Records supplied |

------------

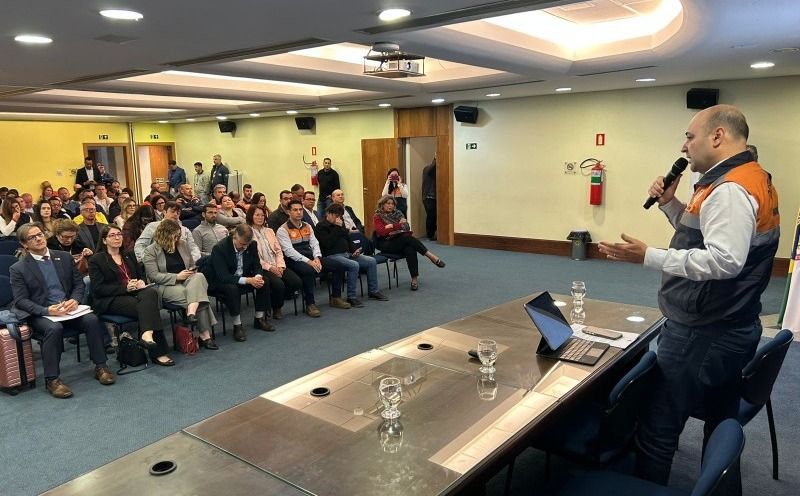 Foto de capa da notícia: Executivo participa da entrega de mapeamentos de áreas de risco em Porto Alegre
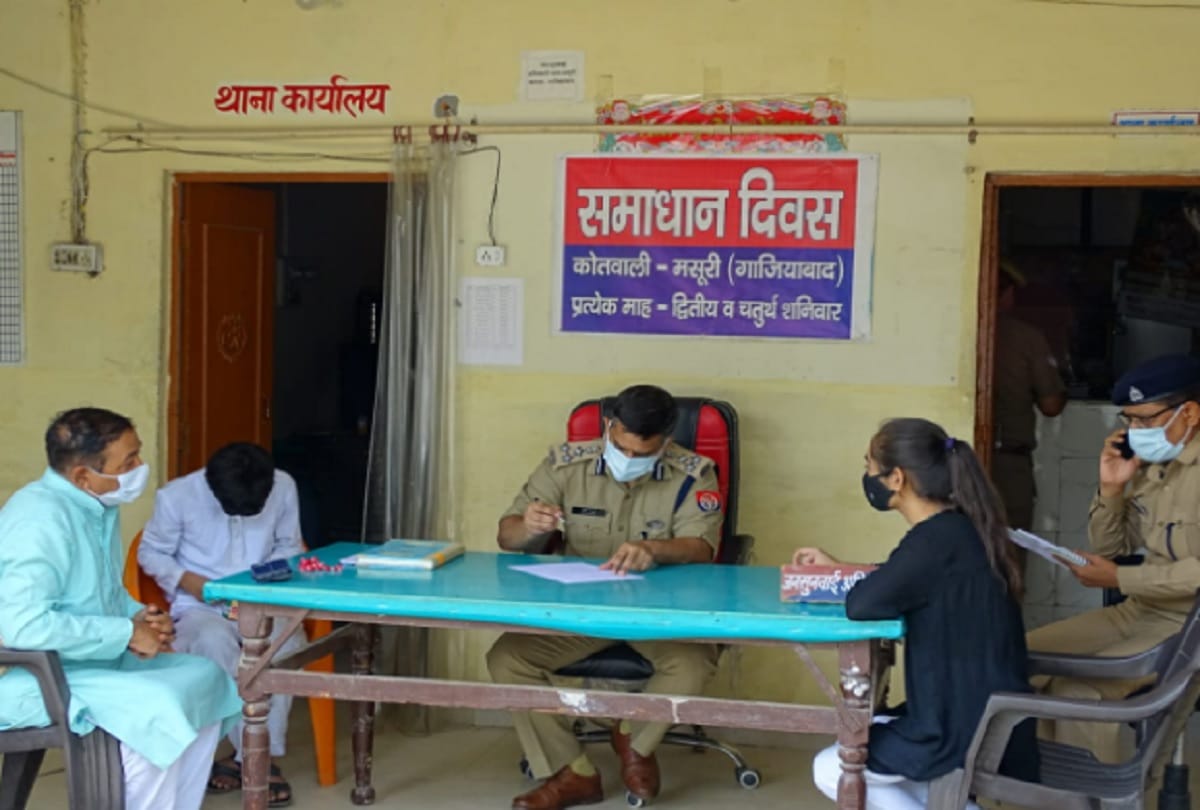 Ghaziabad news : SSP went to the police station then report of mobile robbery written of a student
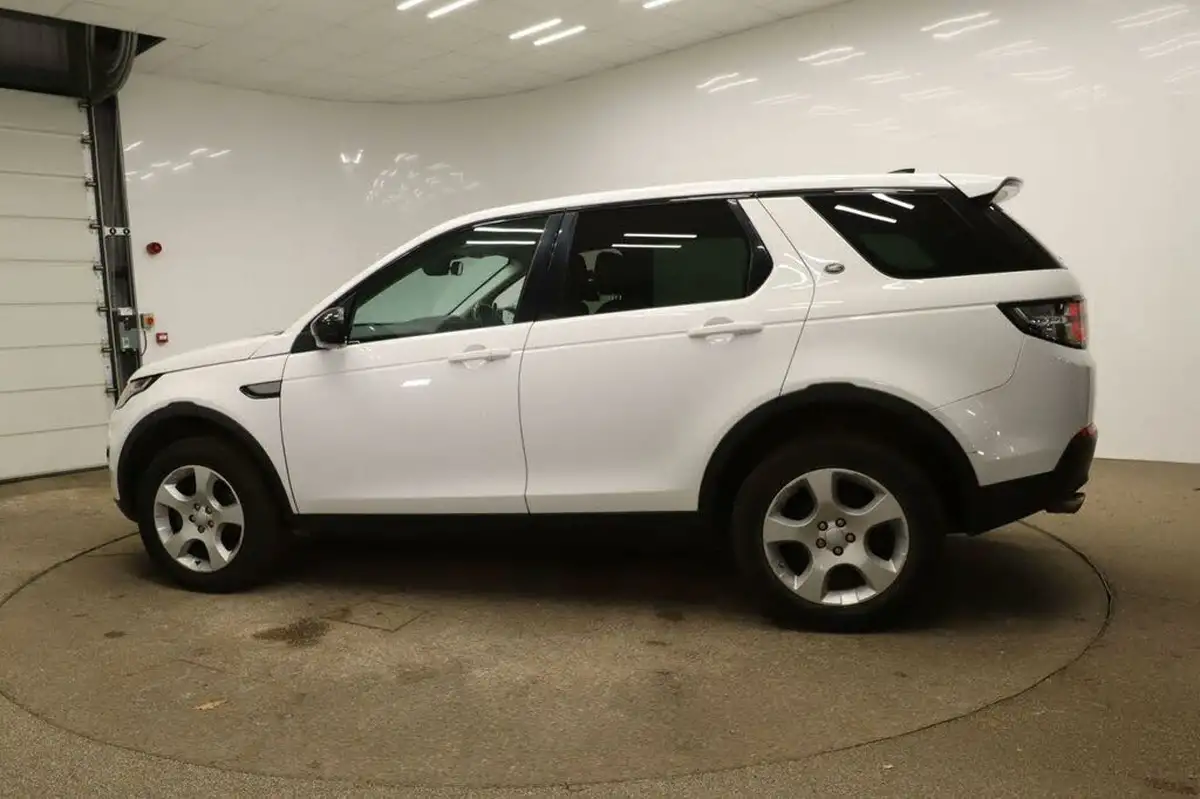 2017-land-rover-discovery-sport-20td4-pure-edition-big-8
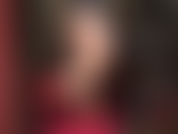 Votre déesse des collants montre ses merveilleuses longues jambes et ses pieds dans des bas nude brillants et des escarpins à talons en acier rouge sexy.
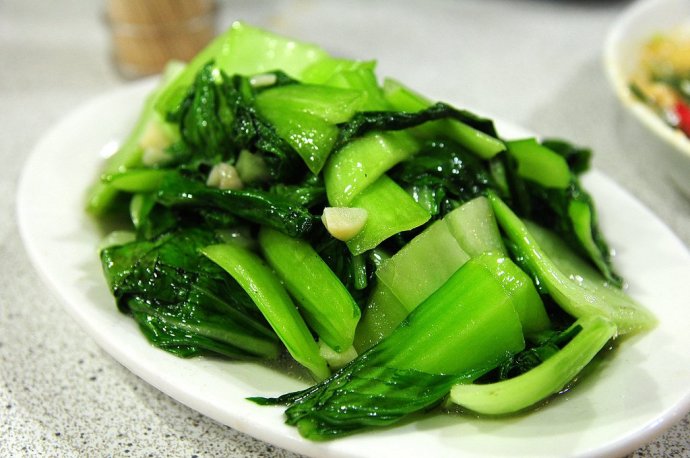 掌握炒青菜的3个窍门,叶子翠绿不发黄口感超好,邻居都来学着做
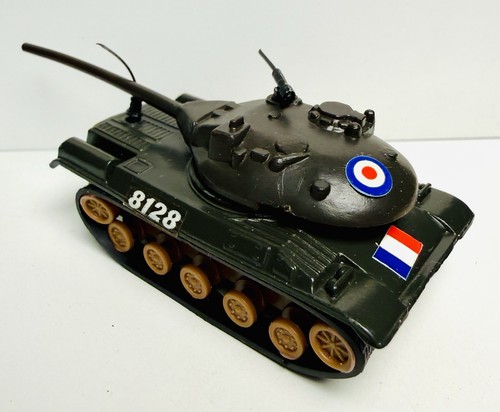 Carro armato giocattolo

------------

Work to complete |
Would you print all of the material exactly as written, minus the pictures?

Response to the exercise |
 Foto de capa da notícia: Executivo participa da entrega de mapeamentos de áreas de risco em Porto Alegre
 Ghaziabad news : SSP went to the police station then report of mobile robbery written of a student
 2017-land-rover-discovery-sport-20td4-pure-edition-big-8
 Votre déesse des collants montre ses merveilleuses longues jambes et ses pieds dans des bas nude brillants et des escarpins à talons en acier rouge sexy.
 掌握炒青菜的3个窍门,叶子翠绿不发黄口感超好,邻居都来学着做
 Carro armato giocattolo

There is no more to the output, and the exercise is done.